Wait until you see VP13
It'll just send the string "Terminator 7", and an entirely predictable 2 hour movie will be played.
Users have watched 25 billion hours of YouTube videos encoded with Google's VP9 codec, which the company says brings the net closer to instant high-quality bufferless video. The Choc Factory's open source VP9 is designed as a replacement for the popular patented H.264 and HEVC codecs and is particularly valuable for mobile …
VP8 probably paid for itself in foregone licence fees for H264 for Google, given how much video they actually encode. VP8 effectively put an end to the plans for charging us all to use H264. Google has also been true to its word in opening the source and indemnifying against patent suits.

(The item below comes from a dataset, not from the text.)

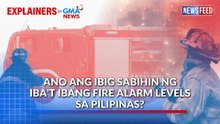 Ano ang ibig sabihin ng iba’t ibang Fire Alarm Levels sa Pilipinas? | GMA News Feed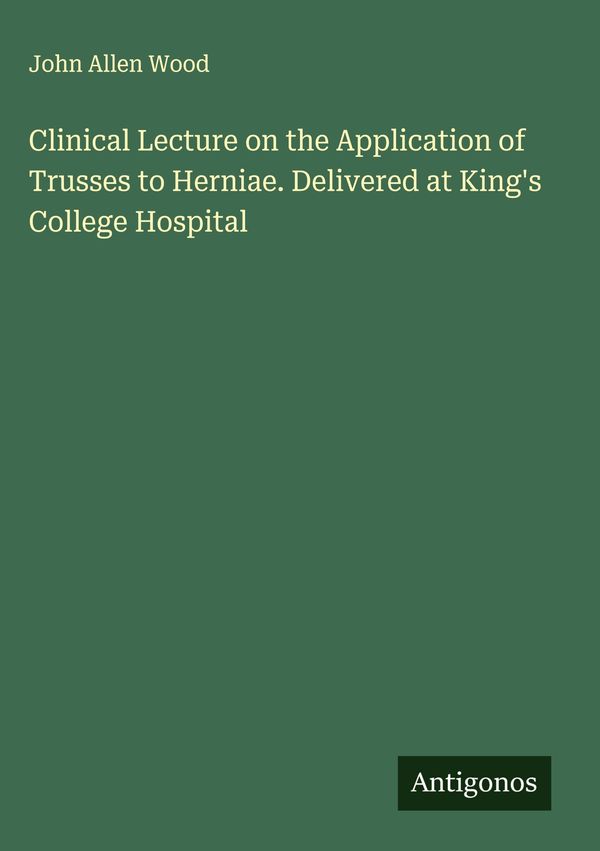 Clinical Lecture on the Application of Trusses to Herniae. Delivere...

Having competing codecs is good for us all in the long run. Google has several reasons for continuing to improve the format: the rise in high resolution content on YouTube preludes high resolution video on demand. Even if most of it is shit, the sheer volume of video that YouTube handles is staggering. Any efficiencies in file size and bitrate will be keenly felt. Google continues to push into our lives and wants to sell us paid for content: quality and perceived network speed will be differentiators on mobile devices. It is also continuing to improve user-generated video whether it's video-conferencing, selfies or gaming videos.
In the H264 version, a lot of the transverse ceiling tile support frames are blurred out of existence, while they are visible in the VP9 version. Also, if you look at the woman in the middle who is split between the images, in the H264 version you can see jagged lines along the edges of her leg, while the edges on the VP9 version are clear. The same is true for straight edges along the walls as well. The "jaggies" are there to some extent in VP9, but they are much smaller and less prominent than in the H264 version.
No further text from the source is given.